Ask Keri: As a wellness professional, how can I make sure my practice serves clients from a diversity of backgrounds?
Keri Says: This is such an important question to tackle at this moment and time, but it’s also a question we should be asking ourselves every step of the way—from the start of our careers onward.
After many years teaching and engaging with all kinds of wellness professionals through the Nutritious Life Studio’s educational programs, I know that nutritionists, trainers, yoga teachers, and health coaches are service professionals. Almost all of us choose these jobs because we are driven to help people live healthier, happier lives. Figuring out the best way to do that is an ongoing process.
As a registered dietitian who has been seeing clients for nearly 20 years, one of the important principles I’ve come to depend on is that “wellness is personal.” The concept is even part of the Nutritious Life Manifesto: “Whatever science or tradition says, if a strategy isn’t right for your body and your lifestyle, it won’t work. Every individual is unique, and there is endless variation in terms of what your most Nutritious Life looks like.”
But here’s the thing: The fact that every individual is different doesn’t mean that overarching factors like race, gender, and economic status don’t have a serious impact on health risks. In fact, scientific evidence tells us those factors are inextricably linked to varied outcomes in terms of diet-related diseases, mental health, and more.

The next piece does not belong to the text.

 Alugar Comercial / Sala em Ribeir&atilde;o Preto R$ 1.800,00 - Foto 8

So, if we want to support a diversity of clients, we have to recognize those factors, when, for example, a Black woman comes in to work on her nutrition goals versus a White man.

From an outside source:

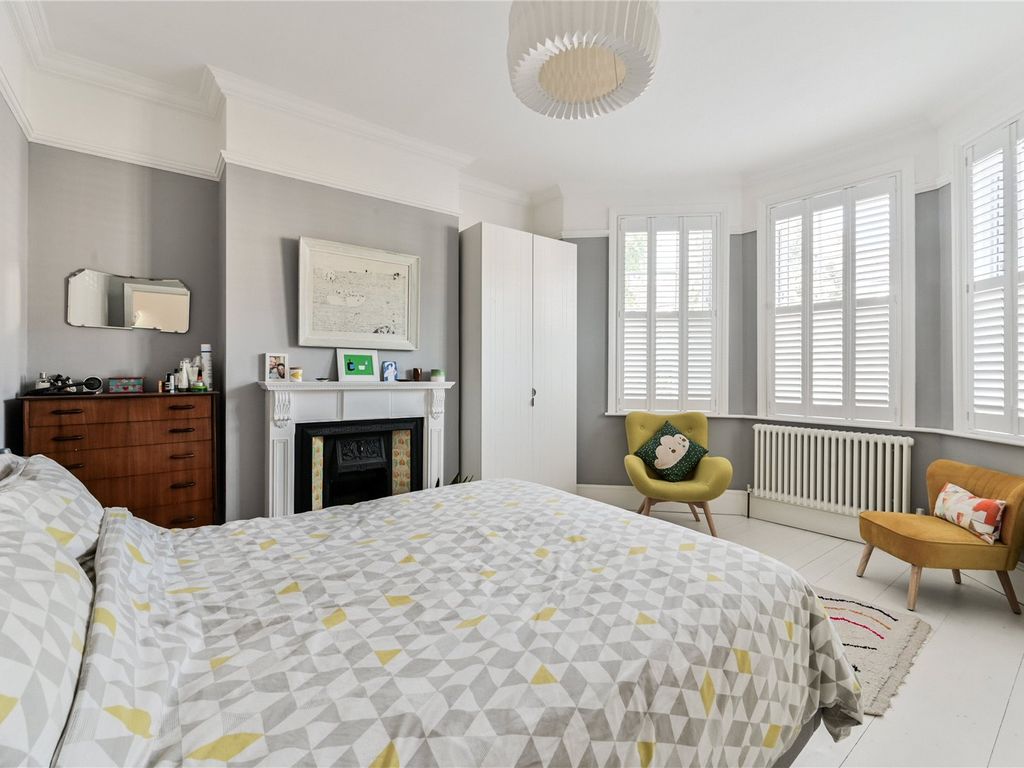 3 bed flat for sale in Palmerston Road, London N22, £565,000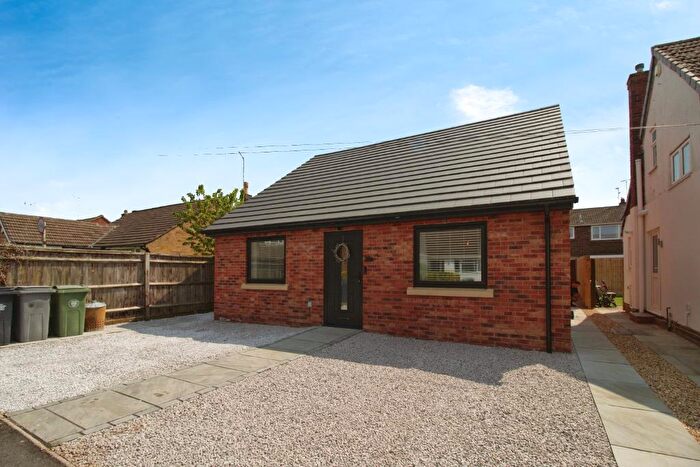 3 Bedroom Detached Bungalow For Sale In The Grove, Market Deeping, PE6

Here are some tips and resources to prepare yourself and your practice to better serve a diverse clientele, especially to support historically underserved populations in living their most Nutritious Lives.
How to Build Diversity and Inclusion in Your Wellness Practice
1. Educate Yourself on Racial Healthcare Disparities
Recently, it’s become clear that Black Americans are being disproportionately impacted by COVID-19. Unfortunately, that’s a current example of how people of color have long faced higher disease risks and worse health outcomes in the US.
A 2017 report found that Black Americans are at higher risk for high blood pressure and are twice as likely as White Americans to die from heart disease, and that Black people in their 20s, 30s, and 40s are more likely to live with or die from conditions like heart disease, stroke, and diabetes, which typically occur at older ages in White people. Another example: The mortality rate for African American women diagnosed with breast cancer is 42% higher than for White women.
As a wellness professional, your first job is to educate yourself on these disparities before a client sits down in your office or steps onto a yoga mat. That doesn’t mean you should stop treating each client as a unique individual (don’t!), it’s just about educating yourself so that you’ve got context whenever you need it.
2. Consider Culture and Life Experiences
Race and culture are not the same thing, but they can be intertwined in many ways. And dietary patterns and preferences are heavily influenced by culture. If your client is Jewish and keeps Kosher, your Simply Roasted Shrimp recipe isn’t going to fit into their healthy eating plan.
By the way, it’s also important to respect and give credit to the cultural roots of health foods that are presented as new “trends” in wellness. Often, those foods are “new” only in the sense that White people are starting to eat them. Take turmeric, for example, which we love at NL. While it’s gotten a lot of attention in the past few years, it’s ancient. In fact, Indian people have been using it in food and medicine for thousands of years. Acknowledging those cultural roots is an important step towards making sure the way we talk about health and wellness is not framed entirely by a White perspective.
Finally, another piece of wisdom from the NL manifesto: “We like to ask big, philosophical, and scientific questions about the best ways to lose weight and stress less, but it’s the stuff of life—meetings, bills, phone calls, family drama, and annoying errands—that distracts, damages, and derails us from our true purpose. Dealing with those details is where the magic happens…” In order to serve diverse clients, you’ve got to acknowledge that that “stuff of life” may be very different for people from different racial and economic backgrounds. Acknowledge that you may not know what a client’s “stuff” looks like if their background is incredibly different from your own, and ask questions instead of assuming.
3. Consider Issues of Access
Some of the health disparities mentioned earlier are partially attributable to the fact that Black people are also less likely to receive preventive care and often receive lower-quality care. They’re also less likely to have health insurance. As wellness professionals (and especially for those of us in a position of white privilege), it’s our job to actively work to address those inequities in care.
Maybe that means making an active effort to change your marketing to diversify your clientele or offer special services to historically underserved populations. Or maybe it means pricing your services on a sliding scale, offering discounts for people of color and/or low-income clients, or setting aside a certain amount of time each month to offer free or donation-based sessions.
In the end, we can all do our part in making nutrition and wellness more inclusive and tackling health and wellness disparities. One of my most important principles is the idea that all of the different pillars of living a Nutritious Life—from stress to relationships to eating habits—are connected and influence each other in all directions. It’s a philosophy that intersects with tackling disparities, since race and gender and economic status are all interconnected, too, and influence each person’s ability to live their healthiest life. And learning to serve people from a diversity of backgrounds will also make you a better wellness pro.